■ What the task requires:
The whole listing should come back exactly as written, except for the pictures.

■ Data below:

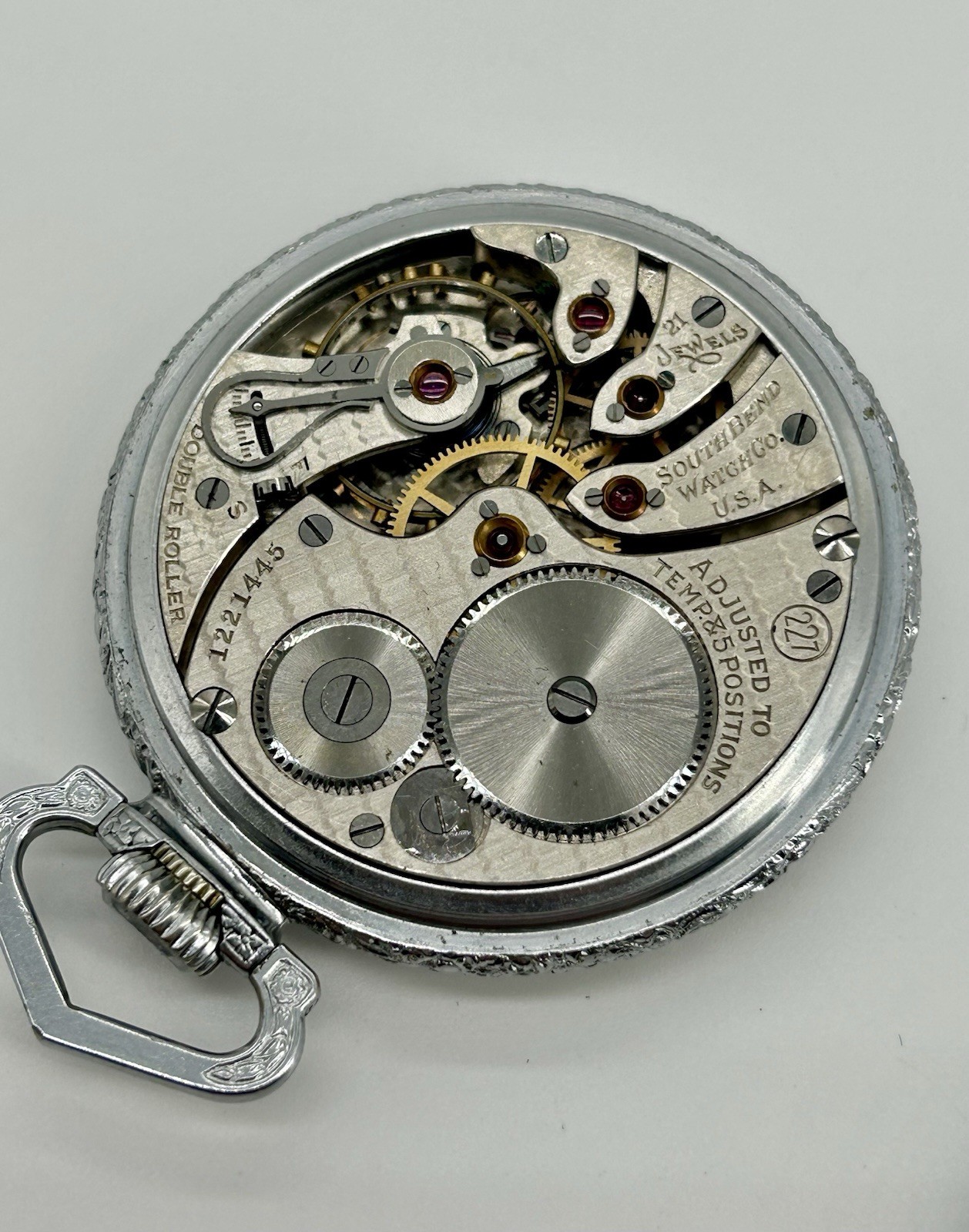 South Bend Grade 227 Railroad Pocket Watch 21J 16S Lever Set Double Roller Runs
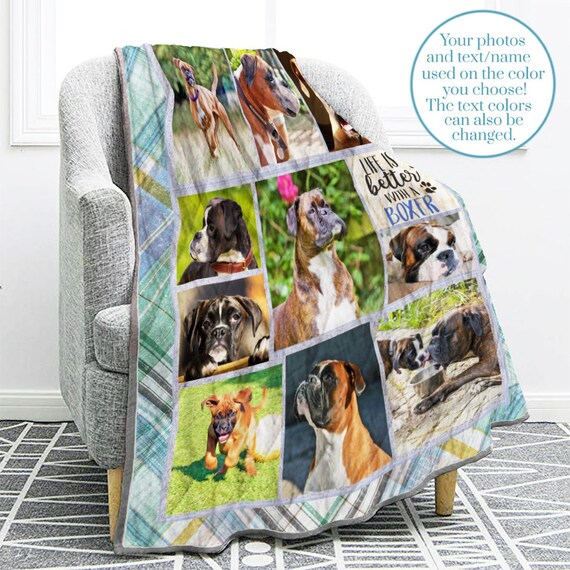 Personalized Boxer Dog Photo Quilt Blanket Using YOUR PHOTOS Etsy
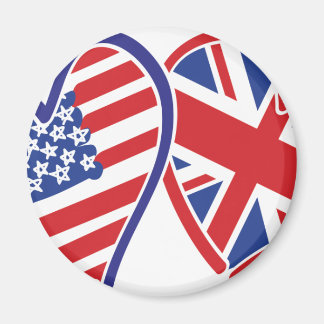 USA and UK In Hearts Showing the Love Magnet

■ Solution for this exercise:
 South Bend Grade 227 Railroad Pocket Watch 21J 16S Lever Set Double Roller Runs
 Personalized Boxer Dog Photo Quilt Blanket Using YOUR PHOTOS Etsy
 USA and UK In Hearts Showing the Love Magnet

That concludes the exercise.